# Considering Hermit Crabs



## PhilK (Dec 22, 2009)

So I have a pretty big tank for sale that has both land and water, but I'm not getting much interest. Saw hermit crabs in the store today, and while I have never been really interested in them as pets I am considering them for that tank.

Can anybody shed some light on what they're like as pets, and their care? I am of course doing other research but thought I would ask here as it's a good source of first hand advice.

Cheers
Phil


----------



## chickensnake (Dec 22, 2009)

LOL their pretty boring pets. Easiest thing to care for IMO, you would have to put ramp or some rocks so that they would be able to get out of the water (as your tank has a pretty deep drop off, i dont reckon they would be able to get out of the water). The hardest thing about them is getting a rigth size variety of shells for them to upgrade into when they grow


----------



## PhilK (Dec 22, 2009)

I've heard they also need salt water? How much?


----------



## chickensnake (Dec 22, 2009)

PhilK said:


> I've heard they also need salt water? How much?


 
Well i use to just put a few cm in a bowl for them and it needs to be like sea water so just get rock salt dissolve in a small amont of warm water then put in your crabs swimming water and taste to make sure its salte enough


----------



## miss_aimee (Dec 22, 2009)

Hmmm,well,your supposed to give them a salt-water bath once a week. Well,that's what they told us when we bought our pet ones,mannnyyy years ago. Ours have all died now. We would make up a salt water bath,and hold them by the shells and just run them through the water.
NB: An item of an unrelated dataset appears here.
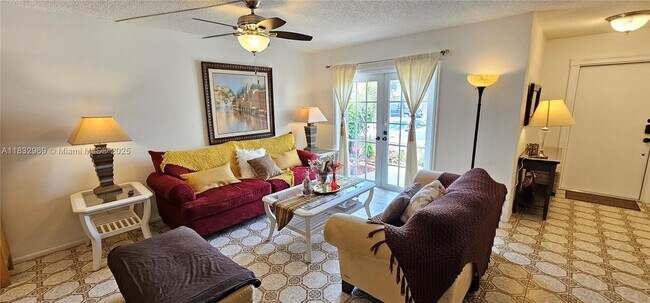 Foto del edificio - 2206 NE 7th St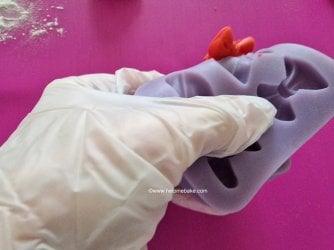 Using a Ribbon Mould by Help Me Bake 2 (Medium).jpg Using a Ribbon Mould by Help Me Bake 2 (Medium).jpg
But they're really boring pets, to be honest, and if one with big claws pinches you, it really hurts!


----------



## PhilK (Dec 22, 2009)

OK great, might duck down to the pet shop tomorrow to suss it out!


----------



## book (Dec 22, 2009)

A thread on Hermit Crab care ran a while back http://www.aussiepythons.com/forum/other-animals-5363/hermit-crab-care-99602 which might be helpful to you. 
Personally I think the tank you have for sale is perfect for Water Skinks. They are my passion but not a lot of people keep them. I just don't have any more room at the moment for another tank of that size


----------



## Tsubakai (Dec 23, 2009)

They are communal animals so they do better in groups. The biggest mistake people make is not providing them deep enough substrate to burrow into so they don't dry out and die during ecdysis.


----------



## PhilK (Dec 23, 2009)

Oooh water skinks.. Might have a look at them and decide.

Are they expensive? How easy to come by?


----------



## Rainbow-Serpent (Dec 23, 2009)

They're really easy pets. 

All you need is to put freshwater in the water bit, and on the sand bit I usually put 3/4 dry sand and 1/4 slightly wet sand. 

The need a salt water bath once a week or so, but don't require any saltwater in the tank. All you really need is maybe a hide or two, lots of spare shells, freshwater, sand and of course the crabs. 

They eat fruit, mine liked apple, watermelon, strawberry, grapes, sultanas and banana. 

Really easy pets to care for, and once they're tame they are fun to hold.


----------



## PhilK (Dec 23, 2009)

Went out and got two hermit crabs today... paid a bit much in the store so I will be getting more off the Green Scorpion.

I have sorted out a salt bath for them, and I am currently making the water half of the tank less deadly should they fall in.

Haven't fed yet... how often should they be fed? Ideas on what to feed them? I didn't buy the pelleted hermit food as I don't like pelleted things from pet shops..


----------



## WombleHerp (Dec 23, 2009)

oh wow.. Phil you are dropping your standards in the pet world xD haha Just kidding 

In my opinion they are boring as hell. And majority of them die due to wrong substrate and or too hot/dry out etc.. 
Don't forget to provide UV!

Water skinks would have been a cooler idea  Now you've got me thinking about them.... hehe
Have fun with your boring crabs xD hahaha Phils got crabs.. I'll never let that one die 

Nat


----------



## imalizard (Dec 31, 2009)

Phil they are the best things! Many say that they are boring to keep but that's because they never have the right set up to keep them happy.:x

If you want your hermit crabs to live longer then 5 years follow my advice.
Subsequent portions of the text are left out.